The 1910–11 FA Cup was the 40th season of the world's oldest association football competition, the Football Association Challenge Cup (more usually known as the FA Cup). Bradford City won the competition for the first and (as of 2021) only time, beating holders Newcastle United 1–0 in the replay of the final at Old Trafford in Manchester, through a goal from Jimmy Speirs. The first match, held at Crystal Palace, London, was a 0–0 draw.

Matches were scheduled to be played at the stadium of the team named first on the date specified for each round, which was always a Saturday. If scores were level after 90 minutes had been played, a replay would take place at the stadium of the second-named team later the same week. If the replayed match was drawn further replays would be held at neutral venues until a winner was determined. If scores were level after 90 minutes had been played in a replay, a 30-minute period of extra time would be played.

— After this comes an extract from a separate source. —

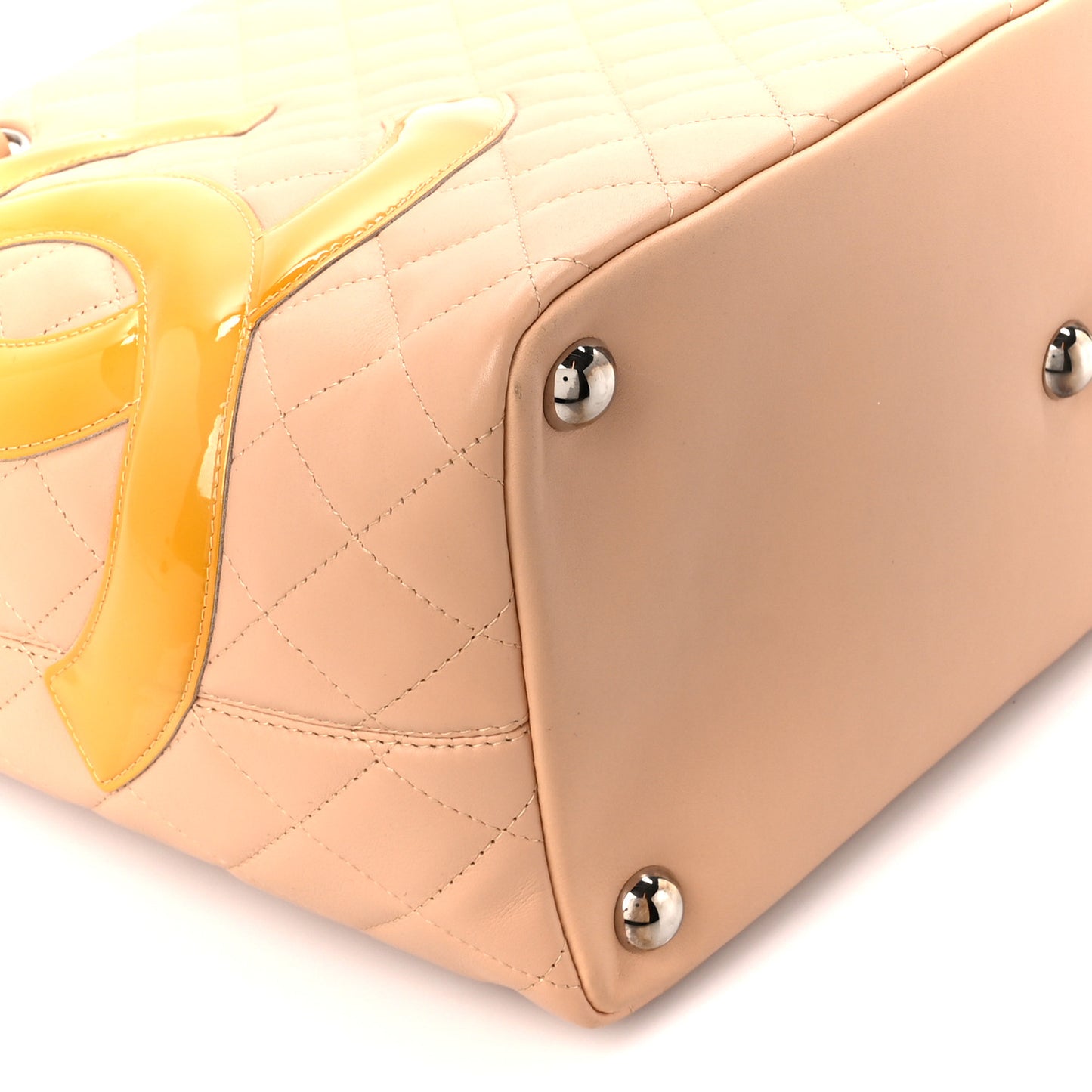 Calfskin Quilted Large Cambon Tote Beige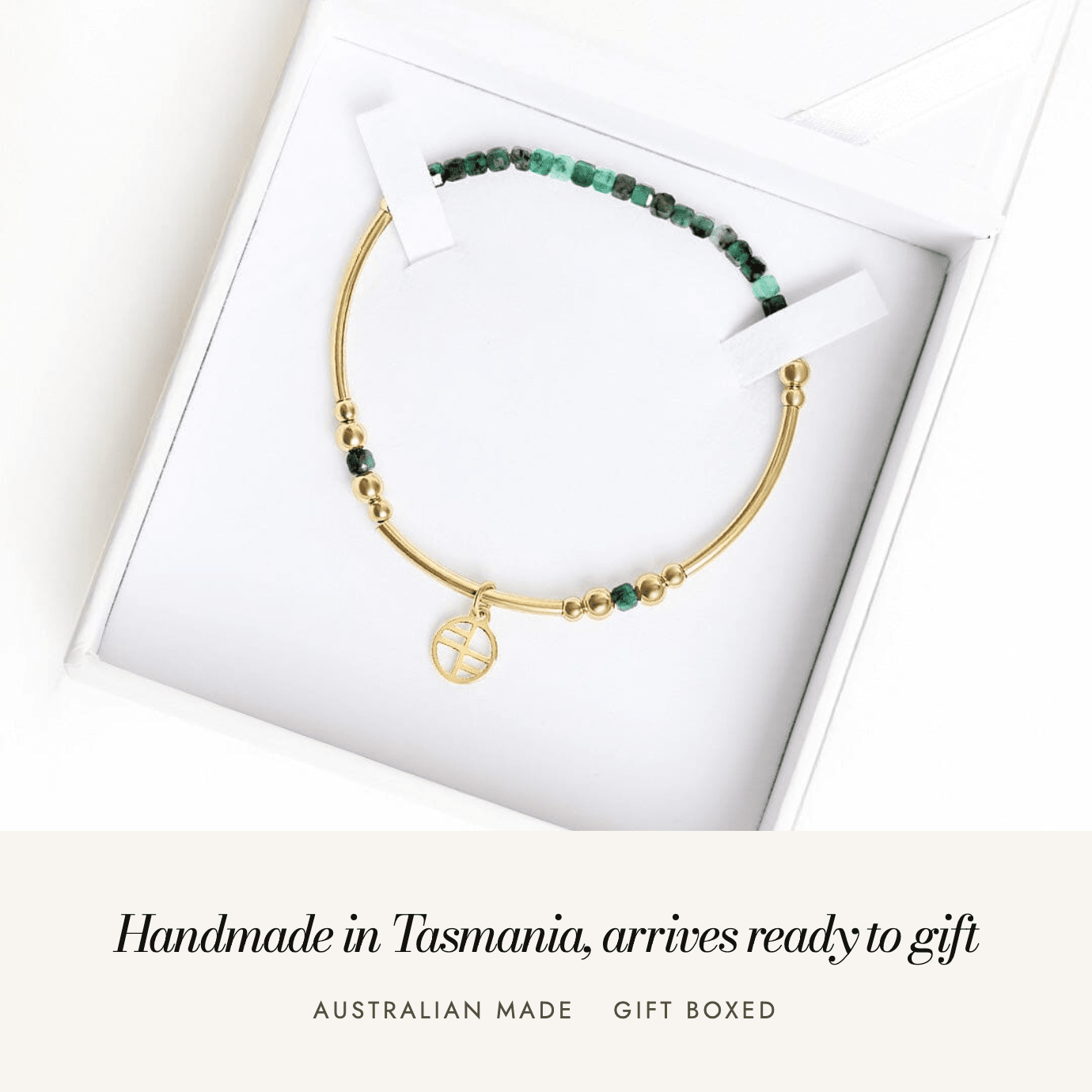 Emerald Division Charm Bracelet: handmade in Tasmania, arrives ready to gift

1911 was the first year that the current trophy design was used. The FA commissioned Fattorini's of Bradford to design and manufacture a new, larger trophy. Coincidentally, it was won by Bradford City in its first outing. This trophy still exists but is now too fragile to be used, so an exact replica was made by Toye, Kenning and Spencer and has been in use since the 1992 final. The replica of the original, last used in 1910, was presented to the FA's long-serving president Lord Kinnaird. It was sold at Christie's in 2005 to David Gold. Gold has loaned this trophy to the National Football Museum in Manchester where it is on permanent display.

Calendar
The format of the FA Cup for the season had two preliminary rounds, five qualifying rounds, four proper rounds, and the semi finals and final.

First round proper
36 of the 40 clubs from the First and Second divisions joined the 12 clubs who came through the qualifying rounds. Four sides, Stockport County, Lincoln City, Huddersfield Town and Gainsborough Trinity were entered instead at the Fourth Qualifying Round. Huddersfield lost to Lincoln City in that round, Stockport County lost to Rochdale, while Lincoln City themselves lost to Stoke in the fifth qualifying round. Gainsborough and eleven other non-league clubs won through to the first round proper.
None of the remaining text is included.